** ACTIVITY **
Print all the records below exactly as they stand, but leave out the pictures.

Top of SUPPLIED RECORDS

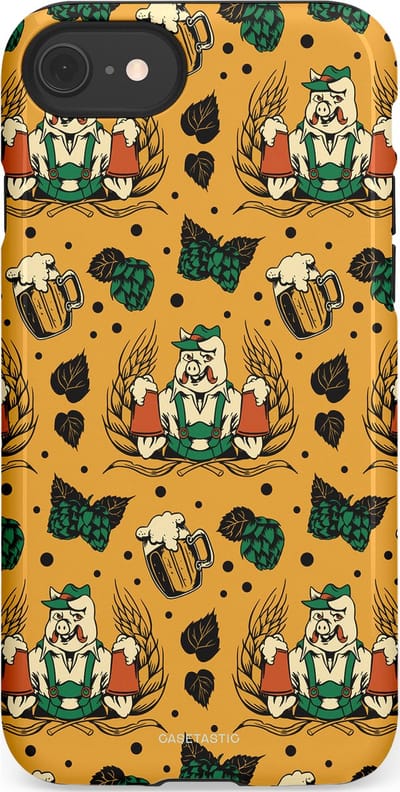 Casetastic hoesje geschikt voor Apple iPhone SE / Apple iPhone 7 / Apple iPhone 8 - Dubbellaagse bescherming - Oktoberpret - Fashion Case - Goud Taupe Donkergroen Donkergrijs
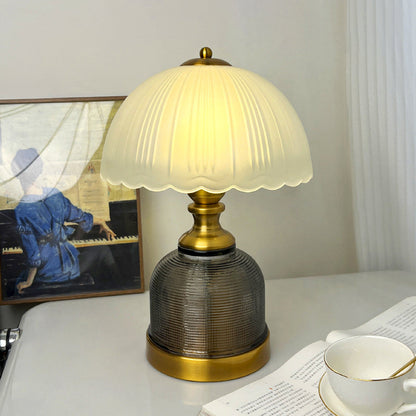Modern Transitional Frosted Glass Dome Shade Hardware 1-Light Table Lamp For Study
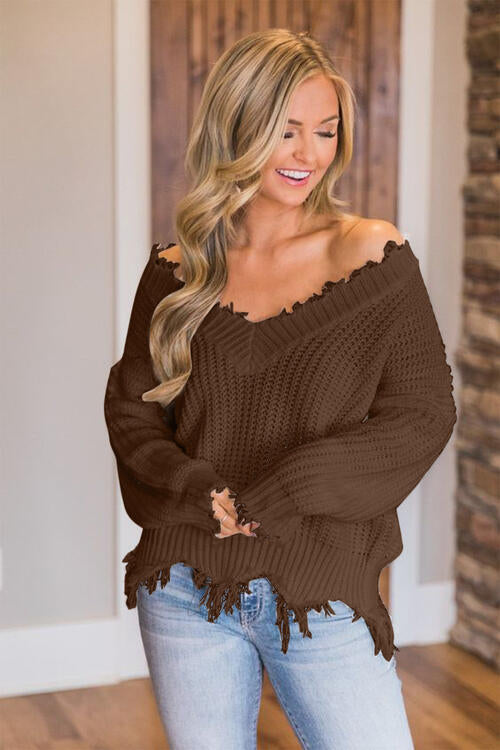 Frayed Hem Dropped Shoulder Sweater, S-2XL, several colors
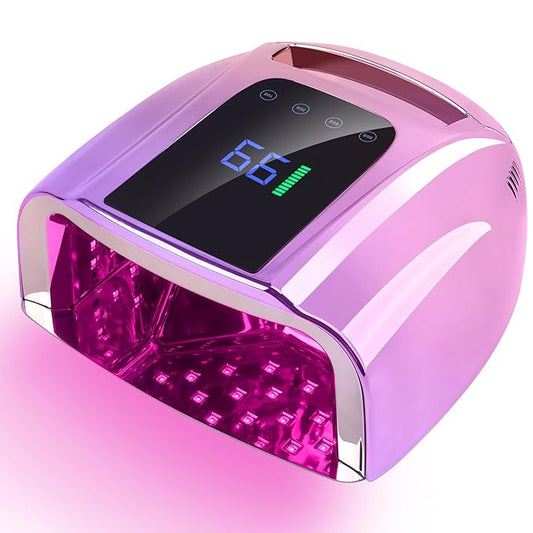 96W Rechargeable UV LED Nail Lamp,Portable Cordless UV Light for Nails with LCD Display Auto Sensor,4 Timer Setting and Smart Sensor Nail Dryer,Nail Cure Light with Removable Bottom(Colorful)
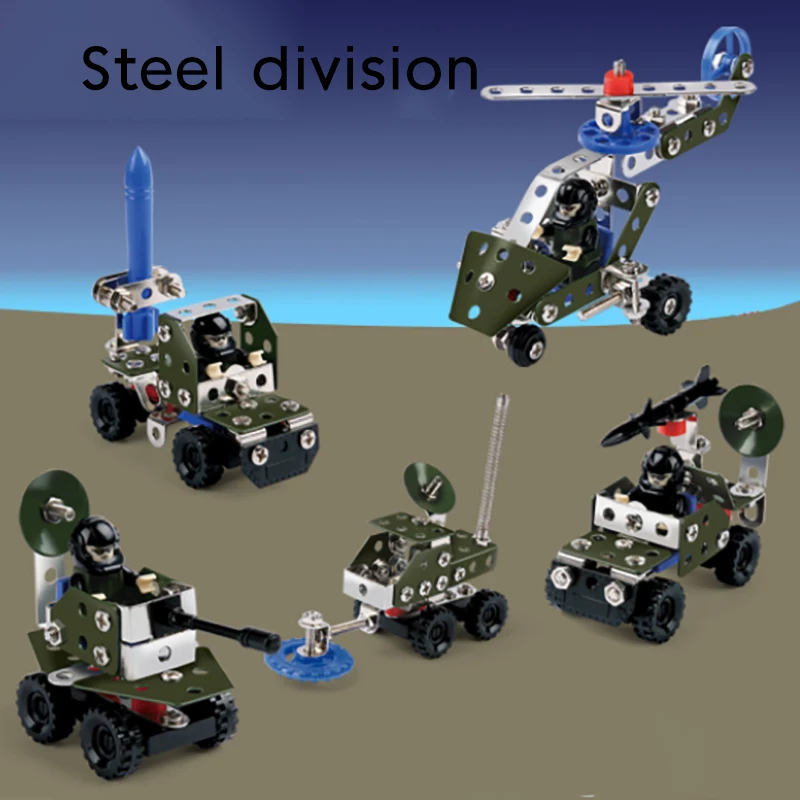 Metal assembly and disassembly model Military alloy aircraft war wolf team nut combination toy for kids boys children
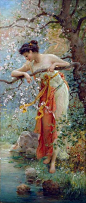  Art painting  Hans Zatzka, 1859-1949, Spring Beauty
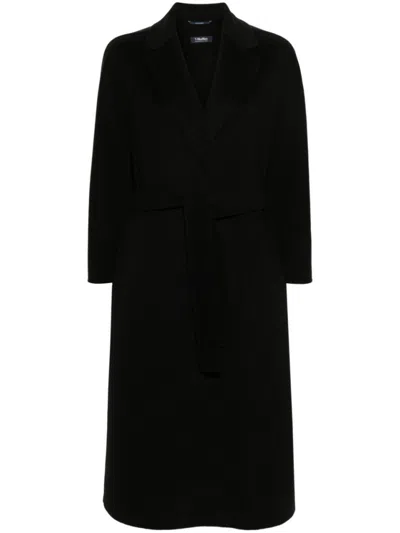 Max Mara Virgin Wool Wrap Coat With Elegant Belt And Timeless Design In Black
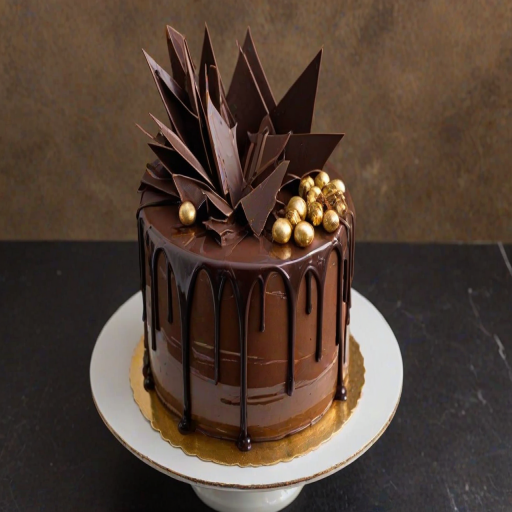 Create an image of a rich chocolate cake with multiple layers, showcasing a glossy chocolate ganache draping down the sides. The top should be decorated with chocolate shards and golden accents, emphasizing a luxurious and indulgent appearance. The background should be dark to highlight the cake's details.
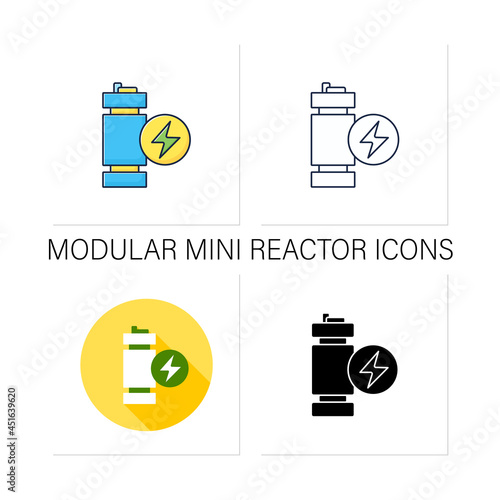 Modular mini reactor icons set. Nuclear fission reactor. Flexible power generation. Electricity concept. Collection of icons in linear, filled, color styles.Isolated vector illustrations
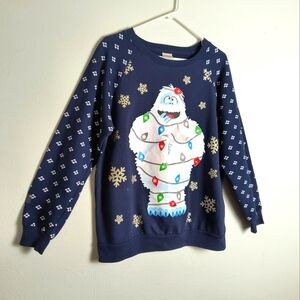 Blue Graphic Relaxed Sweatshirt with Holiday Design Junior L/G(11-13)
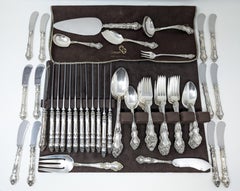 Watson Wallace Meadow Rose 925 Sterling Silver Flatware Set 77 Pc Dinner Setting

Bottom of SUPPLIED RECORDS

** EXERCISE RESPONSE **
 Casetastic hoesje geschikt voor Apple iPhone SE / Apple iPhone 7 / Apple iPhone 8 - Dubbellaagse bescherming - Oktoberpret - Fashion Case - Goud Taupe Donkergroen Donkergrijs
Modern Transitional Frosted Glass Dome Shade Hardware 1-Light Table Lamp For Study
 Frayed Hem Dropped Shoulder Sweater, S-2XL, several colors
 96W Rechargeable UV LED Nail Lamp,Portable Cordless UV Light for Nails with LCD Display Auto Sensor,4 Timer Setting and Smart Sensor Nail Dryer,Nail Cure Light with Removable Bottom(Colorful)
 Metal assembly and disassembly model Military alloy aircraft war wolf team nut combination toy for kids boys children
  Art painting  Hans Zatzka, 1859-1949, Spring Beauty
 Max Mara Virgin Wool Wrap Coat With Elegant Belt And Timeless Design In Black
 Create an image of a rich chocolate cake with multiple layers, showcasing a glossy chocolate ganache draping down the sides. The top should be decorated with chocolate shards and golden accents, emphasizing a luxurious and indulgent appearance. The background should be dark to highlight the cake's details.
 Modular mini reactor icons set. Nuclear fission reactor. Flexible power generation. Electricity concept. Collection of icons in linear, filled, color styles.Isolated vector illustrations
 Blue Graphic Relaxed Sweatshirt with Holiday Design Junior L/G(11-13)
 Watson Wallace Meadow Rose 925 Sterling Silver Flatware Set 77 Pc Dinner Setting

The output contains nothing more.